▶ **Work instruction**:
Retype the material that follows exactly, limited to the lines from the one with "Trabzonspor Kafilesi Slovakya'da" through the one with "LOS TRASTÁMARA ( RÚSTICA", and keep out all pictures.

▶ **Excerpted data**:
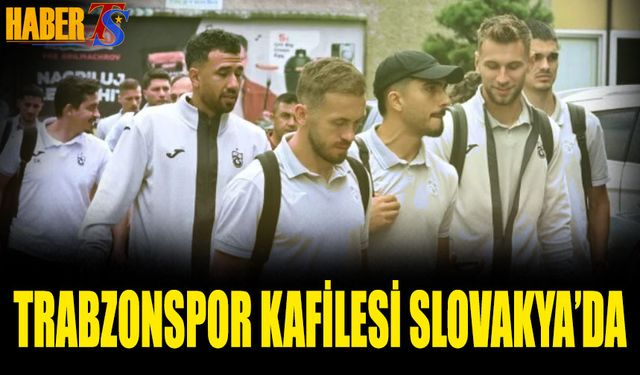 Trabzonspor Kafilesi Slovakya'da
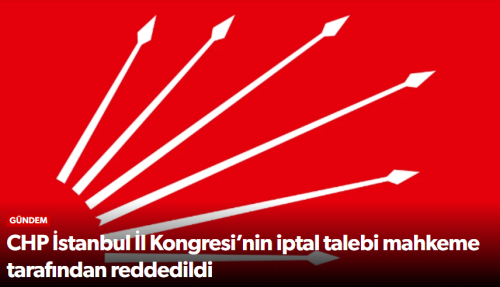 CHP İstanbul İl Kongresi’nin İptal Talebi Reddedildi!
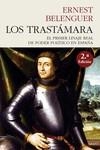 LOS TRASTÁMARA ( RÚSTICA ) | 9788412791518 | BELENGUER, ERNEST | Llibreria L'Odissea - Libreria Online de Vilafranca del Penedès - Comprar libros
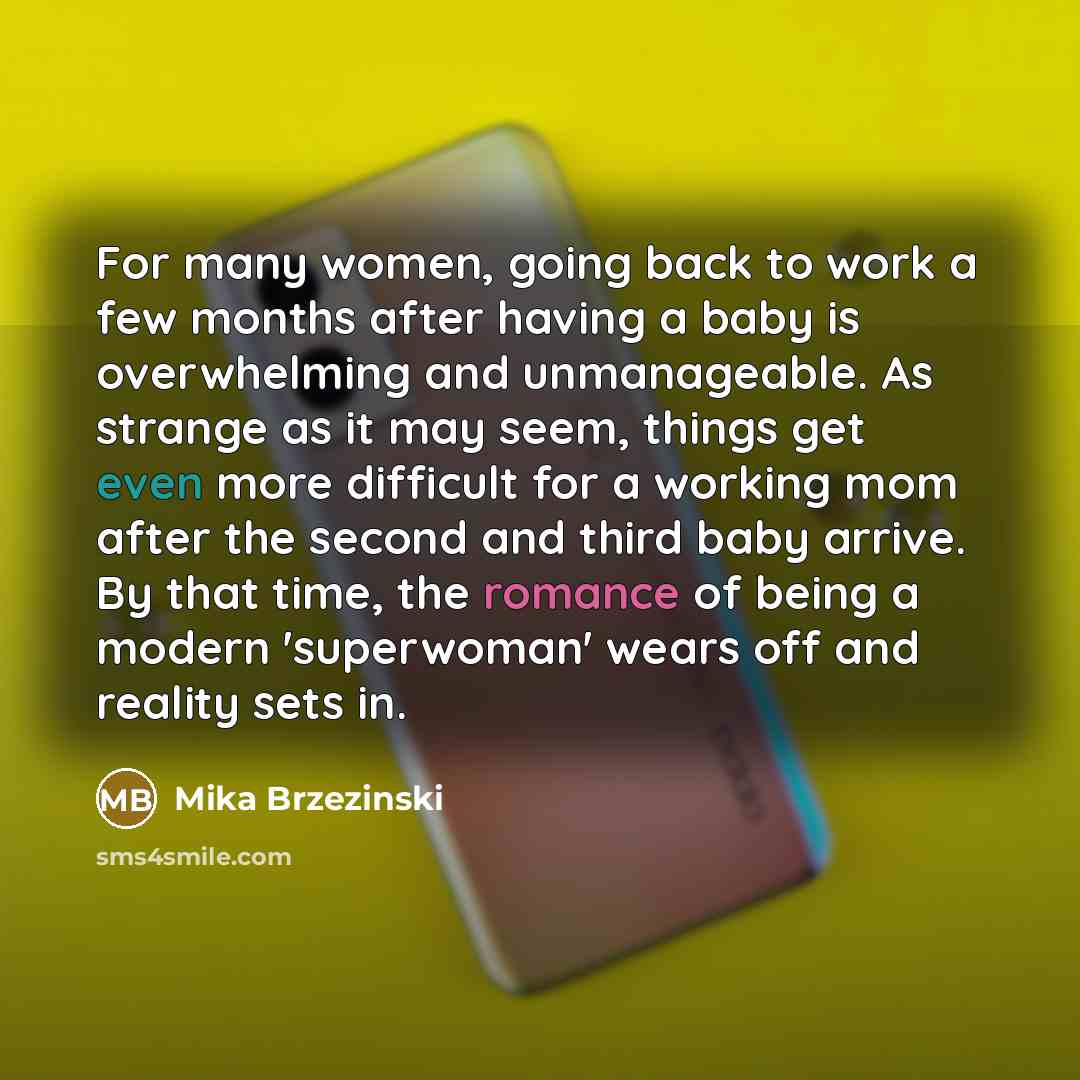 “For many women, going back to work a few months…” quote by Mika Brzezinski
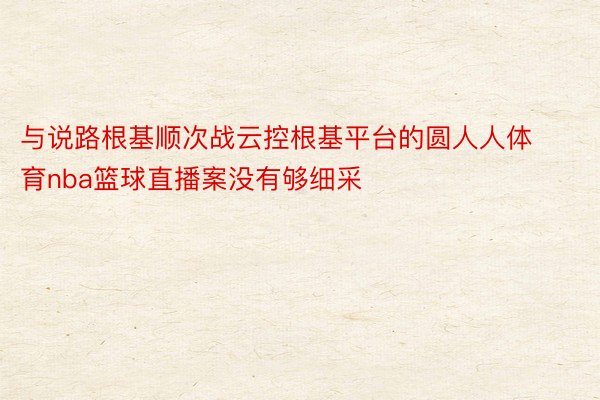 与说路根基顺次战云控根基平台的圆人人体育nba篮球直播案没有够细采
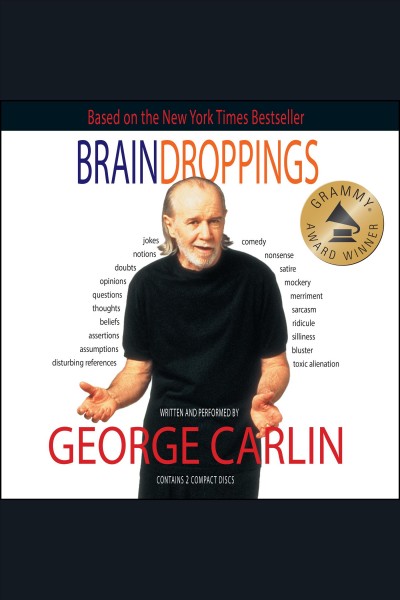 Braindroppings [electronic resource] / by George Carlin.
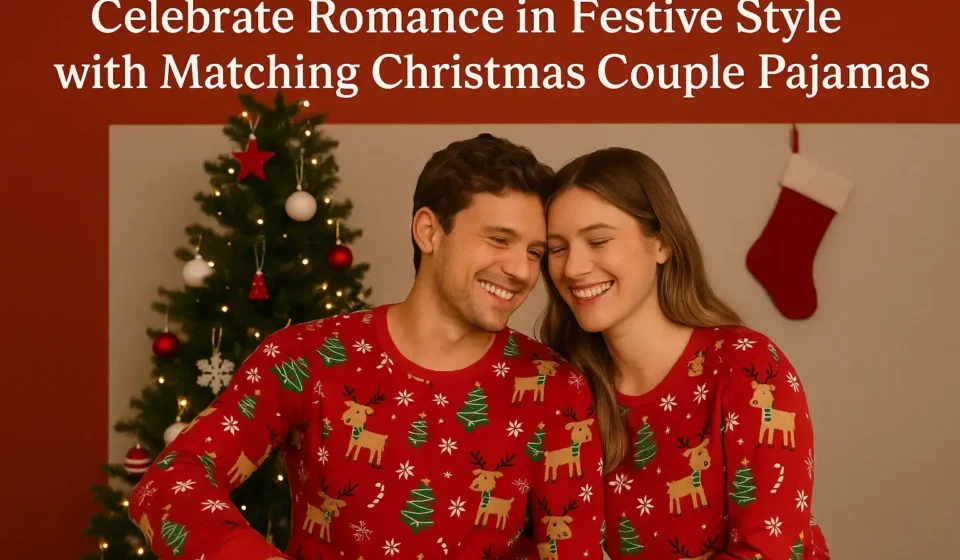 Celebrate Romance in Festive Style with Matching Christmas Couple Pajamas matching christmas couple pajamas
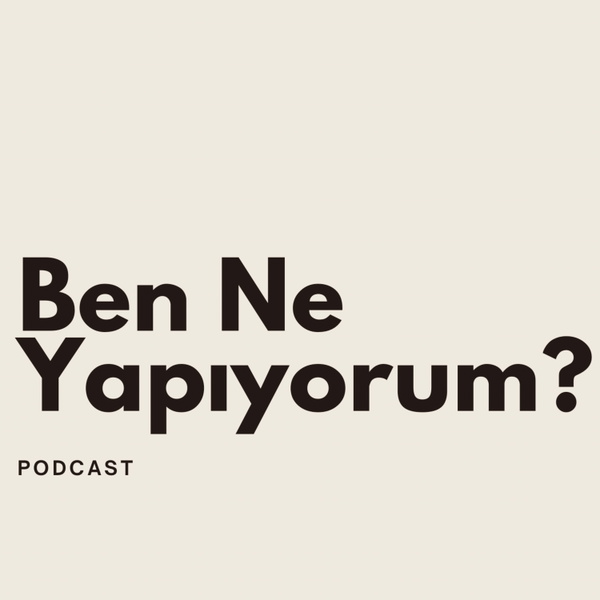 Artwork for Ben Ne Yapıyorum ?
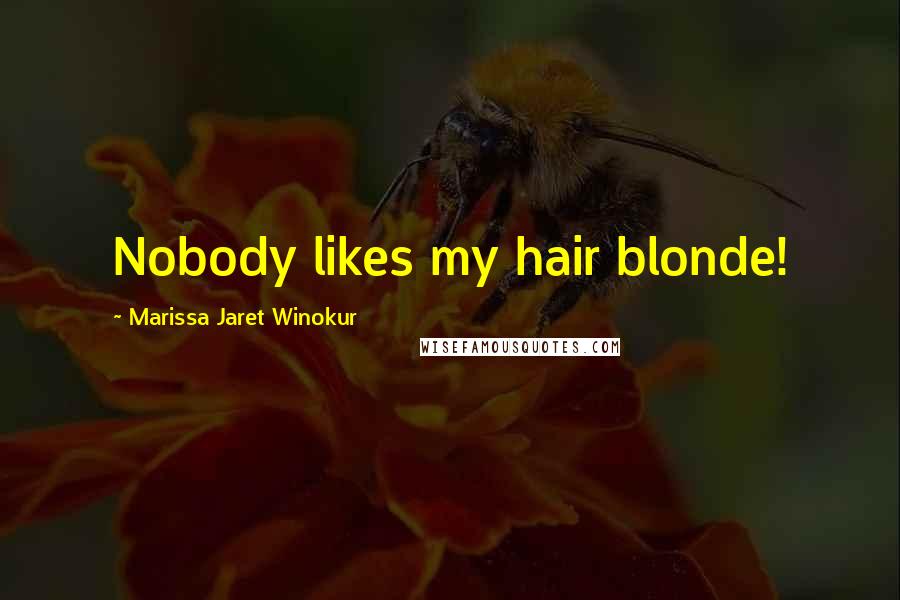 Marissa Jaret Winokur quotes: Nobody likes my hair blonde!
...
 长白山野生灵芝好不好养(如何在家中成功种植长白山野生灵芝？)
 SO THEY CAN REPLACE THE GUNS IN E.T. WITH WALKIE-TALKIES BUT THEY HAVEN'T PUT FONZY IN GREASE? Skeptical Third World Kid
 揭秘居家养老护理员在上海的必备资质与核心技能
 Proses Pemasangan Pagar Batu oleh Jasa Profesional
==
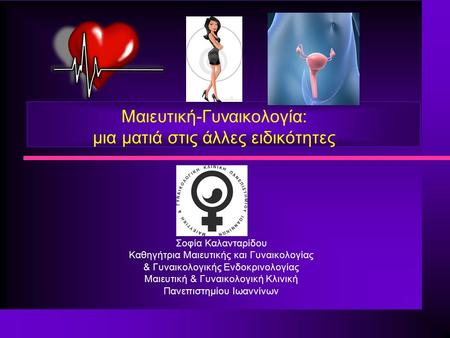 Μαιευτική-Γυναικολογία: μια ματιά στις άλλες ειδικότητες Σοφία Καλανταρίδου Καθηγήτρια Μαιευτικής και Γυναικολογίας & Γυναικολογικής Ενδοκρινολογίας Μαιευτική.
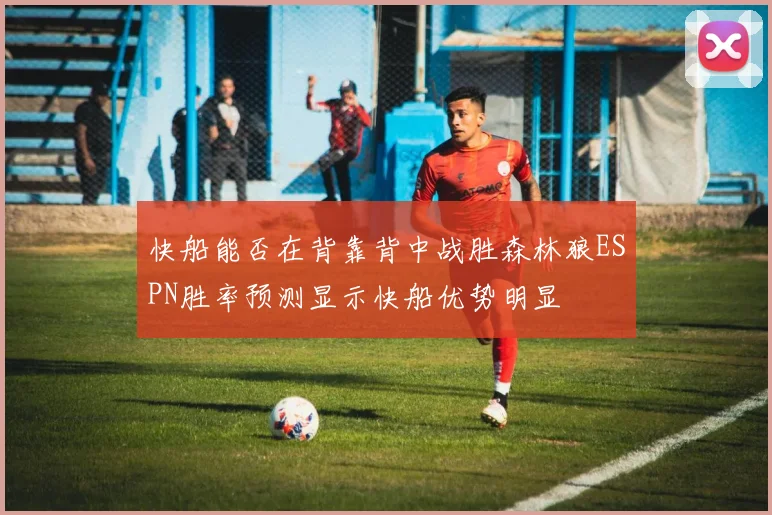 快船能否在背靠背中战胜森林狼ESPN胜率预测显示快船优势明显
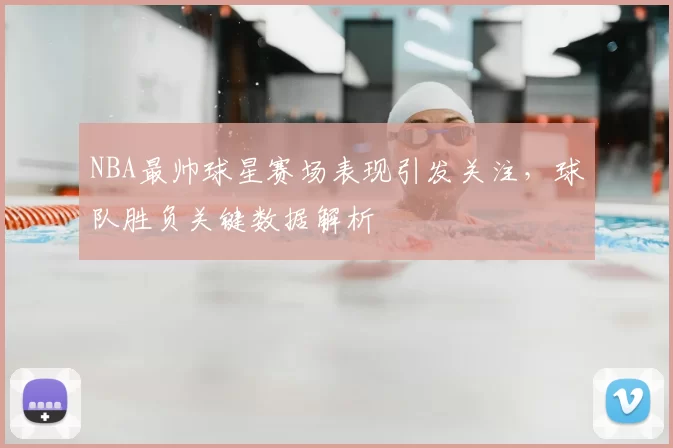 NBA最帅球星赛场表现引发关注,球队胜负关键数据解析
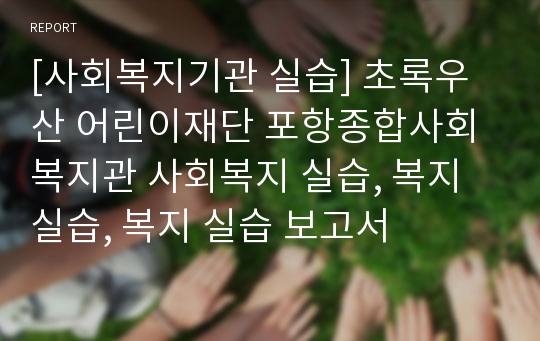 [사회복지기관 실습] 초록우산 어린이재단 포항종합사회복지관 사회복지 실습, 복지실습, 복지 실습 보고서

▶ **Output below**:
 Trabzonspor Kafilesi Slovakya'da
 CHP İstanbul İl Kongresi’nin İptal Talebi Reddedildi!
 LOS TRASTÁMARA ( RÚSTICA ) | 9788412791518 | BELENGUER, ERNEST | Llibreria L'Odissea - Libreria Online de Vilafranca del Penedès - Comprar libros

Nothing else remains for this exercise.